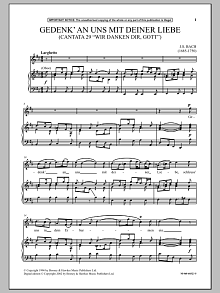 Gedenk An Uns Mit Deiner Liebe (Cantata 29 Wir Danken Dir, Gott ) 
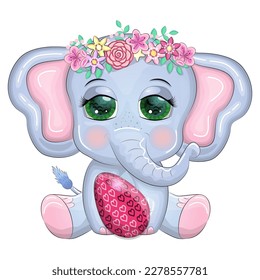 Cute cartoon elephant, childish character with beautiful eyes holding easter egg.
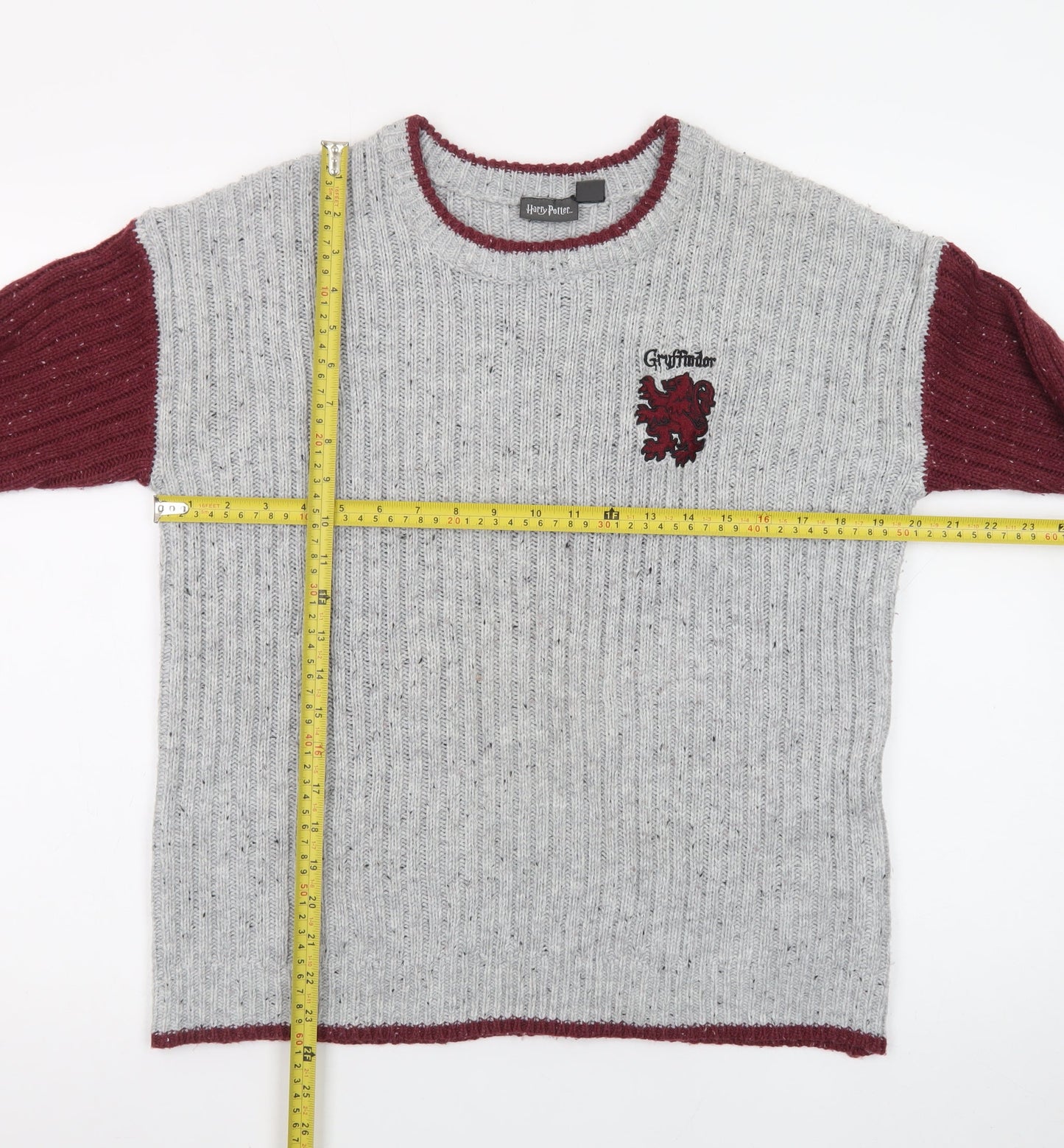 Harry Potter Unisex Grey Gryffindor Knit Jumper Size S Crew Neck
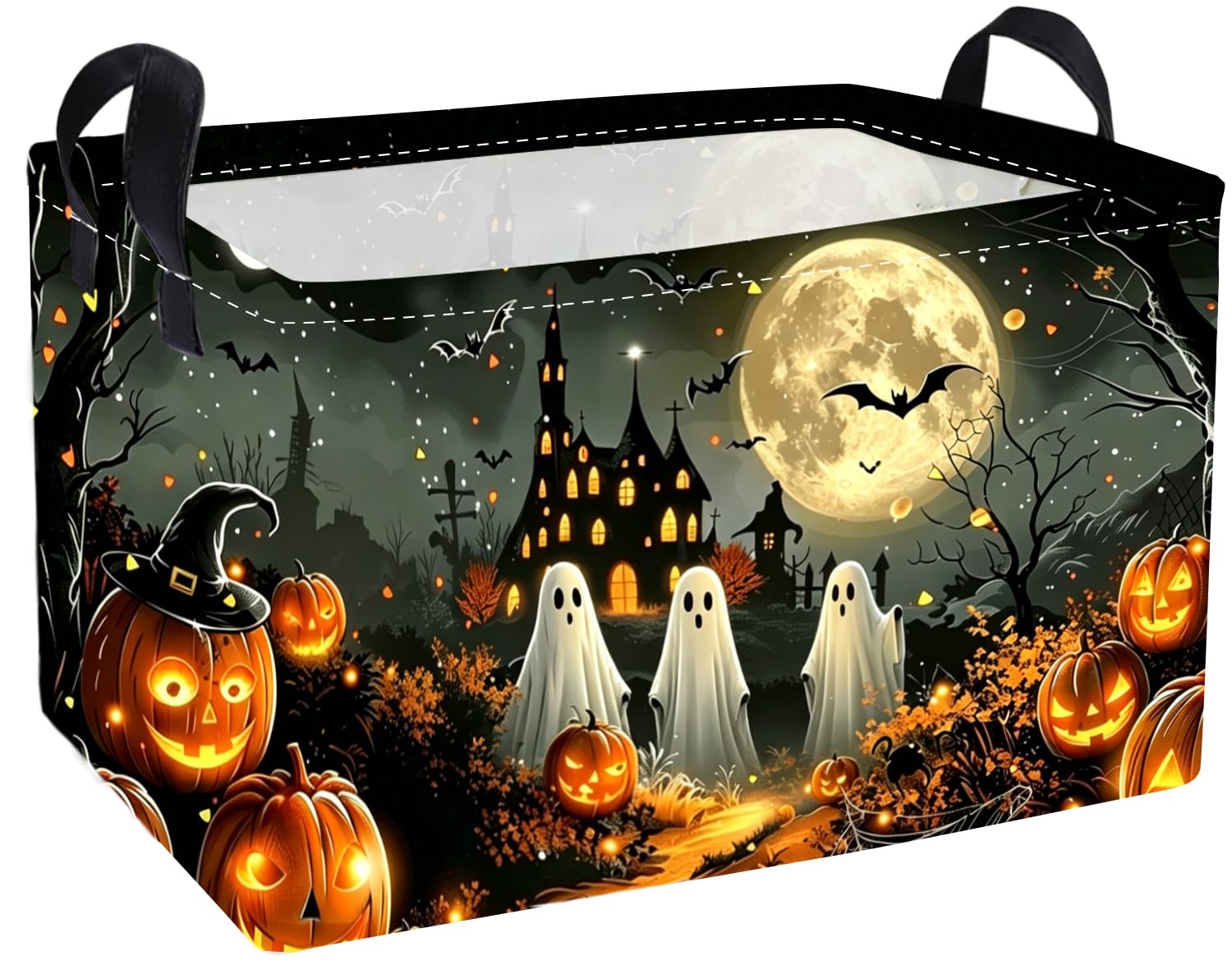 Essme Rectangular Halloween Basket,Kids Storage Bins Organizer with Handles for Ghost Room Decor, Gift Basket,Shelf Basket.(Dream Halloween)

***

TASK PROMPT →
Down to the final line, restate the material above word for word, but omit its pictures.

EXERCISE RESULT →
 Gedenk An Uns Mit Deiner Liebe (Cantata 29 Wir Danken Dir, Gott ) 
 Cute cartoon elephant, childish character with beautiful eyes holding easter egg.
 Harry Potter Unisex Grey Gryffindor Knit Jumper Size S Crew Neck
 Essme Rectangular Halloween Basket,Kids Storage Bins Organizer with Handles for Ghost Room Decor, Gift Basket,Shelf Basket.(Dream Halloween)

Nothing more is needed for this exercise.